EXERCISE PROMPT - What number of lines in the records below hold the word "комплект"? Give that number alone.

RECORDS SUPPLIED -
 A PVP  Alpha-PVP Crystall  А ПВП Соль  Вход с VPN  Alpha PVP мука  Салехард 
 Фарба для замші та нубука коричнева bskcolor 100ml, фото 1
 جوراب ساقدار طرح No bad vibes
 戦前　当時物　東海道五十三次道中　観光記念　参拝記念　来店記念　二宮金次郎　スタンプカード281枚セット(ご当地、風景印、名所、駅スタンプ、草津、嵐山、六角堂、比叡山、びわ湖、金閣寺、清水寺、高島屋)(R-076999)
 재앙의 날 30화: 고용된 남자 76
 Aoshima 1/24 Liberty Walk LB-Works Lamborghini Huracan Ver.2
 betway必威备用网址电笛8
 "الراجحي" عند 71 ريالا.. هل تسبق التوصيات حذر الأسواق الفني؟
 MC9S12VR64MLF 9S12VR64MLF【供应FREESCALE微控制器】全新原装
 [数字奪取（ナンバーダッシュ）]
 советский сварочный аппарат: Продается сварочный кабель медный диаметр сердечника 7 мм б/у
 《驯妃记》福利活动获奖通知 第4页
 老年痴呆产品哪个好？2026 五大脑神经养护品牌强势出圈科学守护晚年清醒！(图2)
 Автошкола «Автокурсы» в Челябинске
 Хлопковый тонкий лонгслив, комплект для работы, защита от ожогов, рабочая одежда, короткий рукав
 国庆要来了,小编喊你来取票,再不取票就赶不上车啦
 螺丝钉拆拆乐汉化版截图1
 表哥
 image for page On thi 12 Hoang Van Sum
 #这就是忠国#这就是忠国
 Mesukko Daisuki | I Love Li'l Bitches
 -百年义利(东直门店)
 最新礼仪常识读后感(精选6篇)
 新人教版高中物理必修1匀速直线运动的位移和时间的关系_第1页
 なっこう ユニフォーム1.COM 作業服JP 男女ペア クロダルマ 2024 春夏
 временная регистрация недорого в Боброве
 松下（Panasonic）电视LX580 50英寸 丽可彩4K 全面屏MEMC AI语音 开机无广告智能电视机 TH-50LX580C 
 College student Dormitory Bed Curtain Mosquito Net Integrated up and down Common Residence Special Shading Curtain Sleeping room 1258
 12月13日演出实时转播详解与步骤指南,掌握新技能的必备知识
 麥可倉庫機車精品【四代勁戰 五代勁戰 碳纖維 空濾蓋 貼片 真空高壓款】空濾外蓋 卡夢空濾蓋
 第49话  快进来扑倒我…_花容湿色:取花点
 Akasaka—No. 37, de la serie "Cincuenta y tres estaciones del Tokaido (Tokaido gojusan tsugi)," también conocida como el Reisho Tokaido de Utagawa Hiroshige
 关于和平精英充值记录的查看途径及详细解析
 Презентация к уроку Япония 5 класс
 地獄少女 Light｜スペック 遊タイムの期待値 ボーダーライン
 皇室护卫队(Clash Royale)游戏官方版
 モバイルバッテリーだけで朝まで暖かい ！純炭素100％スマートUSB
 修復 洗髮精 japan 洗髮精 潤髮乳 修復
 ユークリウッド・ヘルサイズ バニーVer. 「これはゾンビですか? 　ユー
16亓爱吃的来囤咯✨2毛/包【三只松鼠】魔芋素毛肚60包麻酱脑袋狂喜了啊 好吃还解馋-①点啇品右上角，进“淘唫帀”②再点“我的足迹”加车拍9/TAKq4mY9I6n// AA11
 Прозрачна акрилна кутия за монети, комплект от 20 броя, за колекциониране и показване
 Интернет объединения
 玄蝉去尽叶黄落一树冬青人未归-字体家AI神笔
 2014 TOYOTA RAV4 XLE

RESULT BELOW - 2